Just this month, for instance, U.S. District Judge Mark Walker ordered the state to pay more than $372,000 to lawyers for three University of Florida political science experts. Professors Sharon Austin, Michael McDonald and Daniel Smith had sued in 2021 because they had been ordered by the university not to testify for the plaintiffs in a lawsuit challenging changes the DeSantis-dominated Legislature had made in Florida’s election laws.

The UF administration reasoned that whatever the value of information the professors might present, having three of its employees testify on behalf of people suing the state would not endear the Gainesville campus to the governor and Republican legislative leaders who appropriate money for state agencies. It’s the same personnel-management principle that Mafia bosses use to show foot soldiers why they shouldn’t flip on the family.
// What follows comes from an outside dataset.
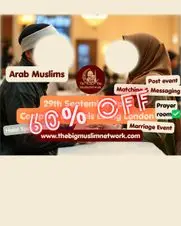 ARAB Single MUSLIM MARRIAGE Event | MEETUP | LONDON Ealing ARAB Single MUSLIM MARRIAGE Event | MEETUP | LONDON Ealing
But that pesky ol’ Constitution says the government can’t intimidate witnesses – go figure. So DeSantis got another legal rebuke from Walker, who slaps him around like Moe used to whack Larry and Curly in those old Three Stooges dramas.
The U.S. Supreme Court recently refused to let the state enforce its ban on drag shows when children are present. A court challenge is still pending against the law, which doesn’t mention drag specifically but says the state can prosecute joints that allow children in audiences of sexually explicit entertainment.
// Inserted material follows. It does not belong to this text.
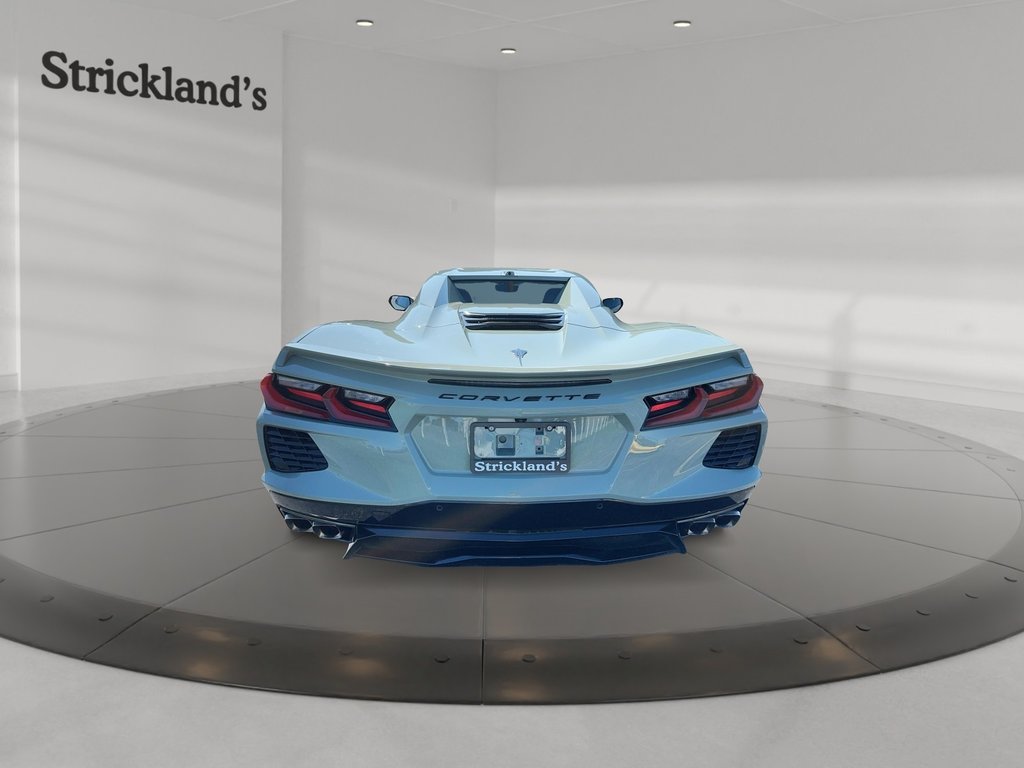 2024 Chevrolet Corvette Stingray Convertible 1LT in Stratford, Ontario - 3 - w1024h768px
A guy in a sequined gown, with a big wig and inch-long eyelashes, may not be quite the same freedom fighter as Thomas Paine penning revolutionary tracts in colonial times or Martin Luther King Jr. speaking out against the Vietnam War in the ‘60s. But the government has to have a damned good reason for stifling such expression – and political convenience isn’t good enough.
That’s what Republican presidential candidate DeSantis is doing with his attack on “woke.” Letting a few vocal parent groups remove books from school libraries, forbidding “diversity, equity and inclusion” policies on campus and – most recently – banning controversial and unpopular organizations from state schools are sure crowd pleasers at a GOP rally. Devaluing the First Amendment seems a small price for stifling disagreeable protests and making a momentary gain in the GOP presidential primaries.
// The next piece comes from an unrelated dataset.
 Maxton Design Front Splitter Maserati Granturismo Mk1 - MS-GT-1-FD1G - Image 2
Backed by the American Civil Liberties Union, a pro-Palestinian student group is suing Florida officials, including DeSantis, contending their freedom of speech and lawful assembly has been violated by state efforts to banish their organization from the State University System. On Oct. 24, Chancellor Ray Rodrigues ordered Students for Justice in Palestine disbanded on campuses.
“We’re not going to use state tax dollars to fund jihad,” DeSantis said in a recent Republican presidential debate.
Of course not. No one is suggesting that organizations, or individual speakers, advocating terrorism or hatred should be a regular part of campus life, like a fraternity or Young Democrats. But exiling an organization, rather than forbidding violent or disruptive acts by individuals, runs afoul of constitutional rights.
It’s easy to pick on the most hated people in town, and politicians will always seek out the easiest target – whether it’s Gov. George Wallace shouting, “Segregation today, segregation tomorrow, segregation forever” at his Alabama inauguration in 1963 or Trump offering to post bond if one of his followers beat up a heckler. Political courage was Florida Gov. LeRoy Collins standing for peaceful integration and obedience of federal law in the 1950s, not DeSantis removing state attorneys to bolster his law-and-order bona fides.
We’ve seen a lot of leaders seize upon widespread fear or prejudice and ride roughshod over the rights of people who were powerless and hated. There was the whole Reconstruction era, the Palmer Raids of 1919-20, U.S. Sen. Joe McCarthy’s Red Scare witch-hunt of the 1950s. Demagogues can always draw a crowd and advance their own political careers.
Sometimes it works for a while, but it never ends well.